Assignment. Every line below is to be given again precisely; images are to be left out.

** Supplied entries follows **

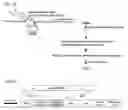Fig. 04 - Method for screening antibody using patient-derived tumor spheroids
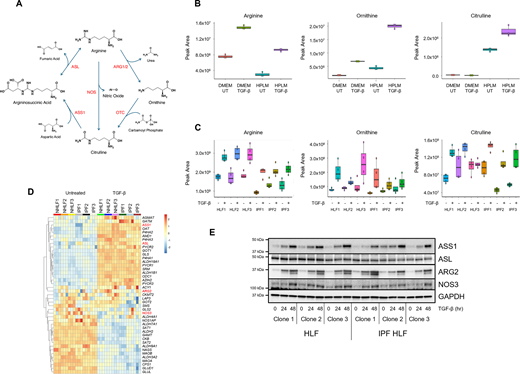 Biochem_Journal's tweet image. Arginine is a conditionally essential amino acid, with roles in protein production and intracellular signalling. New research from Hamanaka examined the role and regulation of arginine metabolism in lung fibroblasts activated with TGF-β.doi.org/10.1042/BCJ202…
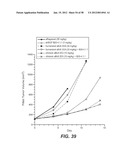 ANTI-BV8 ANTIBODIES AND USES THEREOF diagram and image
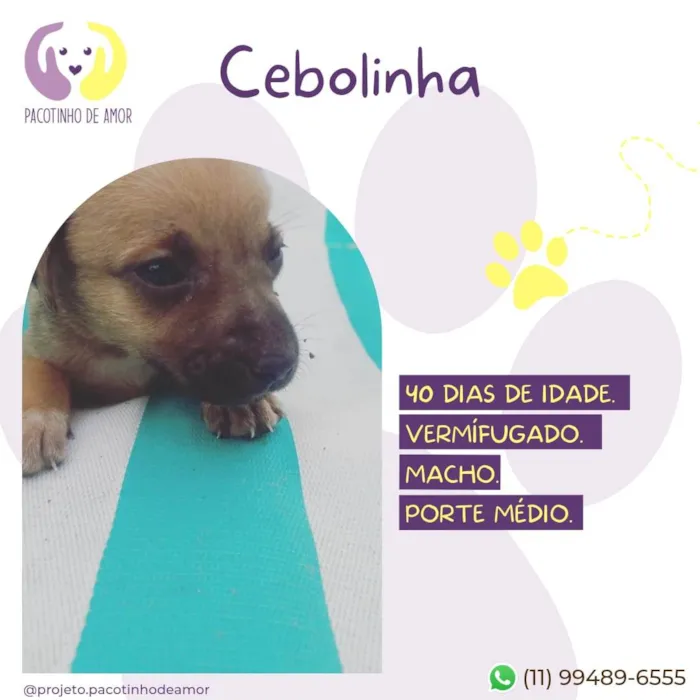Cachorro raça SRD-ViraLata idade Abaixo de 2 meses nome Cebolinha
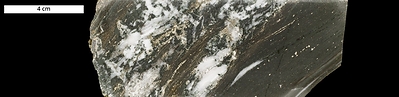 Figure 3: Detailed photograph of core from diamond drill hole GH0006 showing quartz-calcite gangue (white and cream) and metasediments (dark grey). Note that common pyrite presents as euhedral crystals, blebs and lamellae primarily within metasediment. From an interval (68.00-69.47 m down-hole) that assayed 7.31 g/t Au. (CNW Group/Mantaro Precious Metals Corp.)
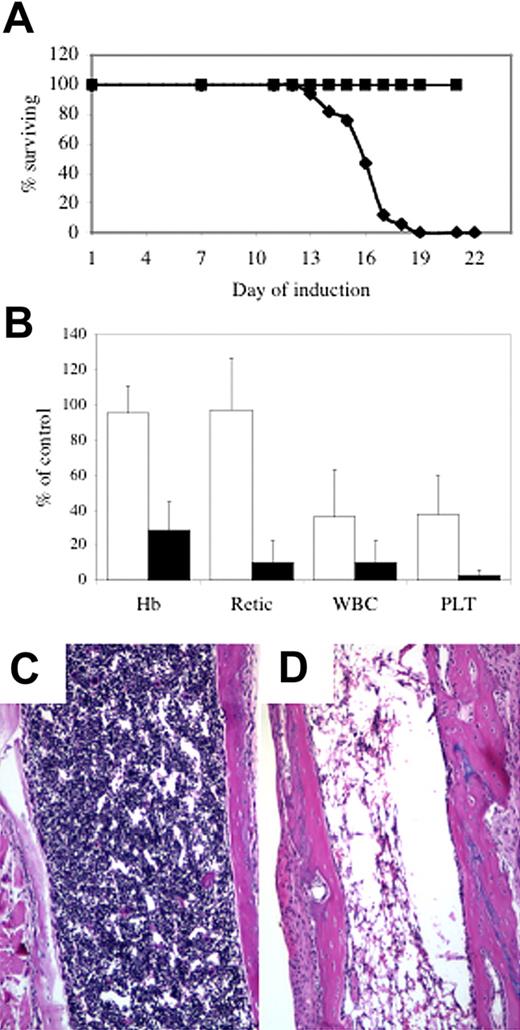 Figure 2. Abcb7 is essential for hematopoiesis. (A) Survival curve of newborn Abc7fl animals with or without MX1-Cre induced with pI-pC. (▪) −Cre, (♦) +Cre. (B) Peripheral blood parameters of animals shown in panel A at day 11 (□) and immediately before death (▪). Values represent the mutant value expressed as a percentage of the control value. Hb indicates hemoglobin; Retic; absolute reticulocyte count; WBC, white blood cells; PLT, platelets. Femoral bone marrow in 4-week-old Abcb7fl+/−Mx1-Cre case controlled animals induced with pI-pC. (C) −Cre, (D) +Cre. Note extreme hypocellularity in panel D.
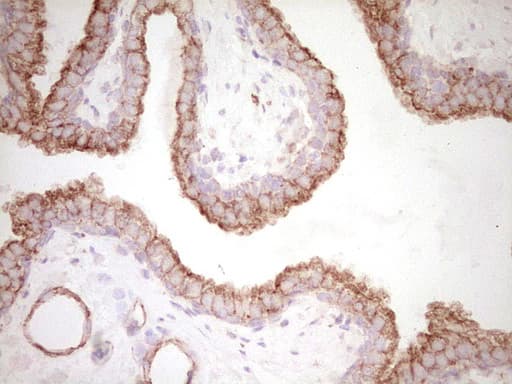 Monoclonal Mouse anti-Human Peripherin Antibody (clone OTI2D5, IHC, WB)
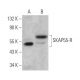 SKAP55-R Antibody (C-9) - Western Blotting - Image 372454
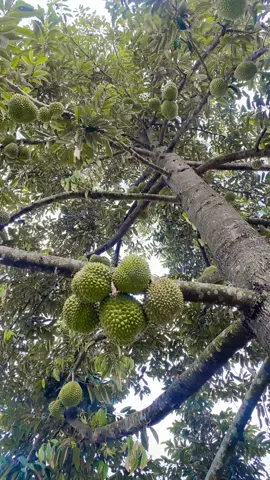 Pesona pohon durian dibelakang rumah😍✨ #fyp #fypシ゚ #xyzabc #pohondurian #durian #durianmusangking #kebundurian #berkebun #musimdurian #musimbuah #durianmontong #durianlover #viralvideo #trendtiktok #masukberanda #fypdong 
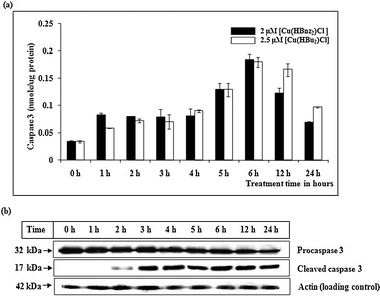 Detection of caspase 3 activity using MOLT-4 cells treated with [Cu(HBnz2)Cl] and [Cu(HBu2)Cl] respectively. Protein lysates prepared from MOLT-4 cells treated with the respective compounds were collected at 1 h intervals. (a) Caspase 3 activity was determined by the measurement of caspase-specific cleavage of the colorimetric substrate Ac-DEVD-pNA. The caspase 3 activity experienced with compound treatments over time is presented as a graph. (b) Separation of protein on SDS-PAGE gels, blots were probed with antibodies against procaspase 3, cleaved caspase 3 product and actin. Each lane contains 20 μg of protein. The blot from [Cu(HBnz2)Cl]-treated protein lysate is shown as a representative result of the study: experiment with [Cu(HBu2)Cl] treatment yielded similar results.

** End of Supplied entries **

Solution below.
Fig. 04 - Method for screening antibody using patient-derived tumor spheroids
 Biochem_Journal's tweet image. Arginine is a conditionally essential amino acid, with roles in protein production and intracellular signalling. New research from Hamanaka examined the role and regulation of arginine metabolism in lung fibroblasts activated with TGF-β.doi.org/10.1042/BCJ202…
 ANTI-BV8 ANTIBODIES AND USES THEREOF diagram and image
Cachorro raça SRD-ViraLata idade Abaixo de 2 meses nome Cebolinha
 Figure 3: Detailed photograph of core from diamond drill hole GH0006 showing quartz-calcite gangue (white and cream) and metasediments (dark grey). Note that common pyrite presents as euhedral crystals, blebs and lamellae primarily within metasediment. From an interval (68.00-69.47 m down-hole) that assayed 7.31 g/t Au. (CNW Group/Mantaro Precious Metals Corp.)
 Figure 2. Abcb7 is essential for hematopoiesis. (A) Survival curve of newborn Abc7fl animals with or without MX1-Cre induced with pI-pC. (▪) −Cre, (♦) +Cre. (B) Peripheral blood parameters of animals shown in panel A at day 11 (□) and immediately before death (▪). Values represent the mutant value expressed as a percentage of the control value. Hb indicates hemoglobin; Retic; absolute reticulocyte count; WBC, white blood cells; PLT, platelets. Femoral bone marrow in 4-week-old Abcb7fl+/−Mx1-Cre case controlled animals induced with pI-pC. (C) −Cre, (D) +Cre. Note extreme hypocellularity in panel D.
 Monoclonal Mouse anti-Human Peripherin Antibody (clone OTI2D5, IHC, WB)
 SKAP55-R Antibody (C-9) - Western Blotting - Image 372454
 Pesona pohon durian dibelakang rumah😍✨ #fyp #fypシ゚ #xyzabc #pohondurian #durian #durianmusangking #kebundurian #berkebun #musimdurian #musimbuah #durianmontong #durianlover #viralvideo #trendtiktok #masukberanda #fypdong 
 Detection of caspase 3 activity using MOLT-4 cells treated with [Cu(HBnz2)Cl] and [Cu(HBu2)Cl] respectively. Protein lysates prepared from MOLT-4 cells treated with the respective compounds were collected at 1 h intervals. (a) Caspase 3 activity was determined by the measurement of caspase-specific cleavage of the colorimetric substrate Ac-DEVD-pNA. The caspase 3 activity experienced with compound treatments over time is presented as a graph. (b) Separation of protein on SDS-PAGE gels, blots were probed with antibodies against procaspase 3, cleaved caspase 3 product and actin. Each lane contains 20 μg of protein. The blot from [Cu(HBnz2)Cl]-treated protein lysate is shown as a representative result of the study: experiment with [Cu(HBu2)Cl] treatment yielded similar results.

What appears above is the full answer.